In a recent post, we lamented the existence of “zombie cases” — cases where there seem to be no genuine disagreements either as to the facts or the law but the cases persist anyhow for one reason or another (often because a litigant is simply delaying the inevitable). One solution, we suggested, is the more liberal use of “fee-shifting,” or you might call it the imposition of “conduct-based attorneys’ fees.”

One might get some insight into whether this would be successful by considering family law cases, in which courts more frequently award conduct-based attorneys’ fees because there is a statute expressly providing for them.

A district court decision imposing such fees was recently affirmed by the Minnesota Court of Appeals.

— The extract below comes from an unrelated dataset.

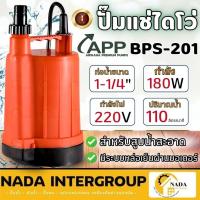 ราคา ARWANA ปั๊มแช่ รุ่น BPS-201 ขนาด 1-1/4 นิ้ว กำลัง 180 วัตต์ เทอร์โมพลาสติก ปั้มน้ำไดโว่ ปั๊ม1 1/4" APP (25017318978)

The appellate court pointed out:

[T]he district court found that wife contributed to the length and expense of the litigation for five reasons: (1) wife’s transfer of the India properties to her mother after she had been served with the dissolution of marriage; (2) wife’s frequent retention of new counsel; (3) wife falsely increasing the amount allegedly owed to her brother and falsely claiming additional alleged debts owed to her parents; (4) wife falsely alleging that husband had business interests and earned additional income outside of his W-2 wages; and (5) wife’s counsel’s assertions during husband’s closing arguments that referenced exhibits that were not properly admitted into evidence.

Wife focuses solely on her retention of new counsel. She argues that it is fair and reasonable for a party to retain seven attorneys in a divorce proceeding.

Excuse us for seeing some humor in the fact that the award was based on five separate bases and the appellant only addresses one of them. And then, on that single alleged error, the argument is that “it is fair and reasonable for a party to retain seven attorneys in a divorce proceeding.” That is the appellant’s strongest argument?

It is possible that a cultural disconnect might have been an issue in the referenced divorce case. Generally, we get the sense that most people ignore that understanding and heeding basic elements of our legal system (the binding nature of testimony, the obligations with respect to preserving and presenting evidence, honesty to the tribunal, etc.) is not a universal trait. Not even close.

Putting that issue (as important as it is) to one side, we are confident that the award of conduct-based attorneys’ fees deters litigation misconduct even if it could never eliminate it. If only it were more broadly available and more frequently imposed.